* _REQUIRED ACTION_
Retype, word for word, each line between the lines holding "Recent evidence suggested" and "Now I'm going", inclusive, and leave the rest of the data alone.

* _DATASET RECORDS_
◆ ◆ ◆ ◆ ◆
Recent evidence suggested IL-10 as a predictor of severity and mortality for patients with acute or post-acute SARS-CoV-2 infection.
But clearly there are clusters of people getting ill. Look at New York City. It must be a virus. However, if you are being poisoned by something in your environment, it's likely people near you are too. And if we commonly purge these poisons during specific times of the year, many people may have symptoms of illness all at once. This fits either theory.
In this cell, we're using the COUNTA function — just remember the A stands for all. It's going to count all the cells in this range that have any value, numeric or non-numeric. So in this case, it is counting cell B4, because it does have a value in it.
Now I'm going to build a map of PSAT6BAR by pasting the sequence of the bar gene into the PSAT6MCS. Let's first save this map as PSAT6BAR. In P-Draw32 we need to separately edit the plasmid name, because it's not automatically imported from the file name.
◆ ◆ ◆ ◆ ◆
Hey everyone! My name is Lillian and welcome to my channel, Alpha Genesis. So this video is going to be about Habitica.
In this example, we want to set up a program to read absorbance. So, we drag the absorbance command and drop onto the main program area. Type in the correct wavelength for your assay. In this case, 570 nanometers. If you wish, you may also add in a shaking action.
◆ ◆ ◆ ◆ ◆
* _SOLUTION TO THIS PROBLEM_
Recent evidence suggested IL-10 as a predictor of severity and mortality for patients with acute or post-acute SARS-CoV-2 infection.
But clearly there are clusters of people getting ill. Look at New York City. It must be a virus. However, if you are being poisoned by something in your environment, it's likely people near you are too. And if we commonly purge these poisons during specific times of the year, many people may have symptoms of illness all at once. This fits either theory.
In this cell, we're using the COUNTA function — just remember the A stands for all. It's going to count all the cells in this range that have any value, numeric or non-numeric. So in this case, it is counting cell B4, because it does have a value in it.
Now I'm going to build a map of PSAT6BAR by pasting the sequence of the bar gene into the PSAT6MCS. Let's first save this map as PSAT6BAR. In P-Draw32 we need to separately edit the plasmid name, because it's not automatically imported from the file name.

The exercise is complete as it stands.